"The World as a Stage" at the ICA, Boston
The World as a Stage
ICA Boston
Feb. 1 - April 27, 2008
We were up in Boston this past week and stopped in to see the ICA and its snazzy new building. Barely a year old, this example of destination architecture is a dramatically cantilevered over Boston Bay in the city's gentrifying Seaport District. The building is designed by the New York firm Diller Scofidio + Renfro, the brains behind the ongoing redo of Lincoln Center and the High Line, and the subject of a rare architectural retrospective at the Whitney in 2003. Their designs are cerebral, but also playful. Case in point is their "Blur Building," a conceptual structure made of mist -- done for the Swiss Expo in 2002.
It's tempting to compare the ICA to that other recently opened contemporary art mecca -- the New Museum, which also happens to resemble a stack of boxes. But the differences are telling. The ICA's more than twice as old as the New Museum and has more than three times the gallery space. It's not difficult to presume that the ICA also has deeper pockets and a bigger permanent collection.
But at half the size of P.S. 1, the ICA's not huge either. It's possible to see everything in about two hours.

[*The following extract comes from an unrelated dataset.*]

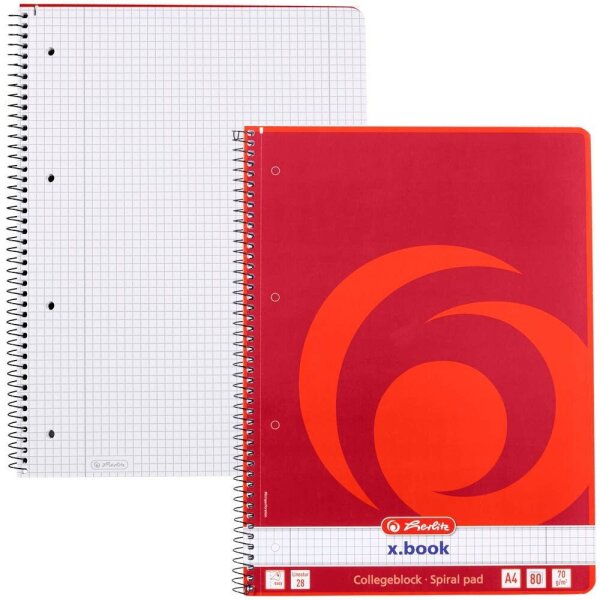 herlitz Collegeblock x.book Lineatur 28 kariert DIN A4 Innen- und Außenrand, 1 Block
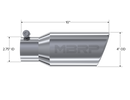 MBRP Universal Tip 4in OD 2.75in Inlet 10in Length Angled Rolled End T304-3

Nearly all of the art's on the fourth floor, with the other levels housing a theater and multimedia studio, as well as the typical store and cafe.
Up now is "World as a Stage," a show organized by the Tate Modern with work by 16 artists dealing with performance, theater and other issues of the spectator and spectacle. A few highlights: "Self-portrait as a businessman" (2002-2004) by Pawel Althamer -- a pile of clothes, briefcase and cell phone that are the remains of a performance in which the artist lived as a businessman for several days before fully disrobing in Berlin's Potsdamer Platz; "Falha" (2003) by Brazilian artist Renata Lucas -- a series of hinged plywood sheets that the viewer can rearrange; and, best of all, "Little Frank and His Carp" (2001) by the awesome Andrea Fraser -- a video of the artist as she takes instructions from the pretentious and over-wrought audio guide in the Guggenheim Bilbao, culminating with her simulating sex with the "sensuous" curves of the Gehry architecture.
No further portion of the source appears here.